What to do: Could you copy out all of the entries exactly?

━━━━━ Information ━━━━━

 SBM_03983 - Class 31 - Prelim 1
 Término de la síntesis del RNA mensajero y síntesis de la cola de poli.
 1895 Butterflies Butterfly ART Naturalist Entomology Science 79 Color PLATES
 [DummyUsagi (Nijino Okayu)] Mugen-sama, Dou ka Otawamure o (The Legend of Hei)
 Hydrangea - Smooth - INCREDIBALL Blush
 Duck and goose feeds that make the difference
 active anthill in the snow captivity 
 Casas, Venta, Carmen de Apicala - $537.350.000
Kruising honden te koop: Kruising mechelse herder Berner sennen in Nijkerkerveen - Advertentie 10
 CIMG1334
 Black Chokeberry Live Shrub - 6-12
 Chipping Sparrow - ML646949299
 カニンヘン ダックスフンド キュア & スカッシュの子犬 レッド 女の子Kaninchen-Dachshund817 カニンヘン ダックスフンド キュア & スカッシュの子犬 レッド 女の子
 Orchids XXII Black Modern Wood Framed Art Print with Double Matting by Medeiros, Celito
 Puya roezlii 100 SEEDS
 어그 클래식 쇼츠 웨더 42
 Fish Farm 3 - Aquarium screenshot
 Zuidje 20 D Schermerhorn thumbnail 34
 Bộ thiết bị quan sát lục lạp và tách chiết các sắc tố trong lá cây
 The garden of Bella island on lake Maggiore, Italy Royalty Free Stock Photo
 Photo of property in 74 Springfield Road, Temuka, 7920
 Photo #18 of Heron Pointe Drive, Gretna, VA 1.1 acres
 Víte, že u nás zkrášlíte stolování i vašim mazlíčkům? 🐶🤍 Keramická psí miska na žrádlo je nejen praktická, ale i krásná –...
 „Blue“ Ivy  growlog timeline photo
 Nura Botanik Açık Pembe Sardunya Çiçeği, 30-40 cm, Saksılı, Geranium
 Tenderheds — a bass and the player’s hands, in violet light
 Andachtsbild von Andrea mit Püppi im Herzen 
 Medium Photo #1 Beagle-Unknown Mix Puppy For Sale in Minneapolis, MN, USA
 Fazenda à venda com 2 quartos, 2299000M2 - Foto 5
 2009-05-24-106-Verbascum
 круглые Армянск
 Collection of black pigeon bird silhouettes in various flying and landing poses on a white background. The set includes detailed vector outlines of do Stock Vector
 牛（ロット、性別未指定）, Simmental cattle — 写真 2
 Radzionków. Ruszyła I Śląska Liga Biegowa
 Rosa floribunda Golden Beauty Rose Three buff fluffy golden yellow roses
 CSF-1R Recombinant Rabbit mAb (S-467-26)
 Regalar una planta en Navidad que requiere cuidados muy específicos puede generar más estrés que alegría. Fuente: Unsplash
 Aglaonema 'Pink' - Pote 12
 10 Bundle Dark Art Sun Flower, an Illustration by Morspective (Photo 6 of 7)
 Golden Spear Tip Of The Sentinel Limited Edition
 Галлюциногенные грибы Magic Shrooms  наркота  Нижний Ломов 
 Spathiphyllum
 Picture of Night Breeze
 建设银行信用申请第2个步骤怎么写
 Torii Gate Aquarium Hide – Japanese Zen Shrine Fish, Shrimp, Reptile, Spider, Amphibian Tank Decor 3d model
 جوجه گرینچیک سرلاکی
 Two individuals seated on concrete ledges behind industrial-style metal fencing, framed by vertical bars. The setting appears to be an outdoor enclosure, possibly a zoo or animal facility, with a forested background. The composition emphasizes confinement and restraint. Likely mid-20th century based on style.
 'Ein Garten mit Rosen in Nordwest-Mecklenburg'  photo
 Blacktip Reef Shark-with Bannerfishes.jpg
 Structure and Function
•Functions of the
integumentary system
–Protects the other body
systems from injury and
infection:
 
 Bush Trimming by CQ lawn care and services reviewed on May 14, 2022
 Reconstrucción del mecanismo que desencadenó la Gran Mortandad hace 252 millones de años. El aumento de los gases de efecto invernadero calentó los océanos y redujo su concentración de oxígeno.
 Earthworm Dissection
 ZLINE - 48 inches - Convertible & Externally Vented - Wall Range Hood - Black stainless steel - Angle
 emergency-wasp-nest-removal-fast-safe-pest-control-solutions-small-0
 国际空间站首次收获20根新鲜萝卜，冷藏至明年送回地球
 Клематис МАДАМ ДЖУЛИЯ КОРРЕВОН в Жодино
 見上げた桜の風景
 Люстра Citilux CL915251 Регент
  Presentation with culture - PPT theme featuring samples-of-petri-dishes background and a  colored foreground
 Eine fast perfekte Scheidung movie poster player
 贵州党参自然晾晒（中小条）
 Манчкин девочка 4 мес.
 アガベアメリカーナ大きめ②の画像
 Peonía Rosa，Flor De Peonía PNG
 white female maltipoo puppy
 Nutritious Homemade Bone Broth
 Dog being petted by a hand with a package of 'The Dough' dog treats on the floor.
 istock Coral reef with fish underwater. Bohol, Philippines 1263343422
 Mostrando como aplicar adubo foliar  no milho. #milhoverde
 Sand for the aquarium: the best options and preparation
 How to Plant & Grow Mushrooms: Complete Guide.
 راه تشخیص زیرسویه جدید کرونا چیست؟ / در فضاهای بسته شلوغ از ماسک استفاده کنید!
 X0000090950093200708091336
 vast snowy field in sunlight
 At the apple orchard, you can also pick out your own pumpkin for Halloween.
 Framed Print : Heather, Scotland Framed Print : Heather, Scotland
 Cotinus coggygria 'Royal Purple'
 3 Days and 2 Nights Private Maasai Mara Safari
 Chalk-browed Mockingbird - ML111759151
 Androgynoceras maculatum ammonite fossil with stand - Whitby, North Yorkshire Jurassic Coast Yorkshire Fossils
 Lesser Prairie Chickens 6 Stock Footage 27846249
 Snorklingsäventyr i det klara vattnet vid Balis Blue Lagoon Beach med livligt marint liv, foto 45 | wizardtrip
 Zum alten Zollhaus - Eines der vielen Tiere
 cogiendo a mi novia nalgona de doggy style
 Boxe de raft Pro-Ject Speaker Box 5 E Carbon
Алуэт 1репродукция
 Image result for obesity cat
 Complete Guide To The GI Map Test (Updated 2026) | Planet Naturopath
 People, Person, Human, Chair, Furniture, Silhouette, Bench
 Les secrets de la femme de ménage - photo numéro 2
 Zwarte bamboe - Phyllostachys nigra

━━━━━

Reply:
 SBM_03983 - Class 31 - Prelim 1
 Término de la síntesis del RNA mensajero y síntesis de la cola de poli.
 1895 Butterflies Butterfly ART Naturalist Entomology Science 79 Color PLATES
 [DummyUsagi (Nijino Okayu)] Mugen-sama, Dou ka Otawamure o (The Legend of Hei)
 Hydrangea - Smooth - INCREDIBALL Blush
 Duck and goose feeds that make the difference
 active anthill in the snow captivity 
 Casas, Venta, Carmen de Apicala - $537.350.000
Kruising honden te koop: Kruising mechelse herder Berner sennen in Nijkerkerveen - Advertentie 10
 CIMG1334
 Black Chokeberry Live Shrub - 6-12
 Chipping Sparrow - ML646949299
 カニンヘン ダックスフンド キュア & スカッシュの子犬 レッド 女の子Kaninchen-Dachshund817 カニンヘン ダックスフンド キュア & スカッシュの子犬 レッド 女の子
 Orchids XXII Black Modern Wood Framed Art Print with Double Matting by Medeiros, Celito
 Puya roezlii 100 SEEDS
 어그 클래식 쇼츠 웨더 42
 Fish Farm 3 - Aquarium screenshot
 Zuidje 20 D Schermerhorn thumbnail 34
 Bộ thiết bị quan sát lục lạp và tách chiết các sắc tố trong lá cây
 The garden of Bella island on lake Maggiore, Italy Royalty Free Stock Photo
 Photo of property in 74 Springfield Road, Temuka, 7920
 Photo #18 of Heron Pointe Drive, Gretna, VA 1.1 acres
 Víte, že u nás zkrášlíte stolování i vašim mazlíčkům? 🐶🤍 Keramická psí miska na žrádlo je nejen praktická, ale i krásná –...
 „Blue“ Ivy  growlog timeline photo
 Nura Botanik Açık Pembe Sardunya Çiçeği, 30-40 cm, Saksılı, Geranium
 Tenderheds — a bass and the player’s hands, in violet light
 Andachtsbild von Andrea mit Püppi im Herzen 
 Medium Photo #1 Beagle-Unknown Mix Puppy For Sale in Minneapolis, MN, USA
 Fazenda à venda com 2 quartos, 2299000M2 - Foto 5
 2009-05-24-106-Verbascum
 круглые Армянск
 Collection of black pigeon bird silhouettes in various flying and landing poses on a white background. The set includes detailed vector outlines of do Stock Vector
 牛（ロット、性別未指定）, Simmental cattle — 写真 2
 Radzionków. Ruszyła I Śląska Liga Biegowa
 Rosa floribunda Golden Beauty Rose Three buff fluffy golden yellow roses
 CSF-1R Recombinant Rabbit mAb (S-467-26)
 Regalar una planta en Navidad que requiere cuidados muy específicos puede generar más estrés que alegría. Fuente: Unsplash
 Aglaonema 'Pink' - Pote 12
 10 Bundle Dark Art Sun Flower, an Illustration by Morspective (Photo 6 of 7)
 Golden Spear Tip Of The Sentinel Limited Edition
 Галлюциногенные грибы Magic Shrooms  наркота  Нижний Ломов 
 Spathiphyllum
 Picture of Night Breeze
 建设银行信用申请第2个步骤怎么写
 Torii Gate Aquarium Hide – Japanese Zen Shrine Fish, Shrimp, Reptile, Spider, Amphibian Tank Decor 3d model
 جوجه گرینچیک سرلاکی
 Two individuals seated on concrete ledges behind industrial-style metal fencing, framed by vertical bars. The setting appears to be an outdoor enclosure, possibly a zoo or animal facility, with a forested background. The composition emphasizes confinement and restraint. Likely mid-20th century based on style.
 'Ein Garten mit Rosen in Nordwest-Mecklenburg'  photo
 Blacktip Reef Shark-with Bannerfishes.jpg
 Structure and Function
•Functions of the
integumentary system
–Protects the other body
systems from injury and
infection:
 
 Bush Trimming by CQ lawn care and services reviewed on May 14, 2022
 Reconstrucción del mecanismo que desencadenó la Gran Mortandad hace 252 millones de años. El aumento de los gases de efecto invernadero calentó los océanos y redujo su concentración de oxígeno.
 Earthworm Dissection
 ZLINE - 48 inches - Convertible & Externally Vented - Wall Range Hood - Black stainless steel - Angle
 emergency-wasp-nest-removal-fast-safe-pest-control-solutions-small-0
 国际空间站首次收获20根新鲜萝卜，冷藏至明年送回地球
 Клематис МАДАМ ДЖУЛИЯ КОРРЕВОН в Жодино
 見上げた桜の風景
 Люстра Citilux CL915251 Регент
  Presentation with culture - PPT theme featuring samples-of-petri-dishes background and a  colored foreground
 Eine fast perfekte Scheidung movie poster player
 贵州党参自然晾晒（中小条）
 Манчкин девочка 4 мес.
 アガベアメリカーナ大きめ②の画像
 Peonía Rosa，Flor De Peonía PNG
 white female maltipoo puppy
 Nutritious Homemade Bone Broth
 Dog being petted by a hand with a package of 'The Dough' dog treats on the floor.
 istock Coral reef with fish underwater. Bohol, Philippines 1263343422
 Mostrando como aplicar adubo foliar  no milho. #milhoverde
 Sand for the aquarium: the best options and preparation
 How to Plant & Grow Mushrooms: Complete Guide.
 راه تشخیص زیرسویه جدید کرونا چیست؟ / در فضاهای بسته شلوغ از ماسک استفاده کنید!
 X0000090950093200708091336
 vast snowy field in sunlight
 At the apple orchard, you can also pick out your own pumpkin for Halloween.
 Framed Print : Heather, Scotland Framed Print : Heather, Scotland
 Cotinus coggygria 'Royal Purple'
 3 Days and 2 Nights Private Maasai Mara Safari
 Chalk-browed Mockingbird - ML111759151
 Androgynoceras maculatum ammonite fossil with stand - Whitby, North Yorkshire Jurassic Coast Yorkshire Fossils
 Lesser Prairie Chickens 6 Stock Footage 27846249
 Snorklingsäventyr i det klara vattnet vid Balis Blue Lagoon Beach med livligt marint liv, foto 45 | wizardtrip
 Zum alten Zollhaus - Eines der vielen Tiere
 cogiendo a mi novia nalgona de doggy style
 Boxe de raft Pro-Ject Speaker Box 5 E Carbon
Алуэт 1репродукция
 Image result for obesity cat
 Complete Guide To The GI Map Test (Updated 2026) | Planet Naturopath
 People, Person, Human, Chair, Furniture, Silhouette, Bench
 Les secrets de la femme de ménage - photo numéro 2
 Zwarte bamboe - Phyllostachys nigra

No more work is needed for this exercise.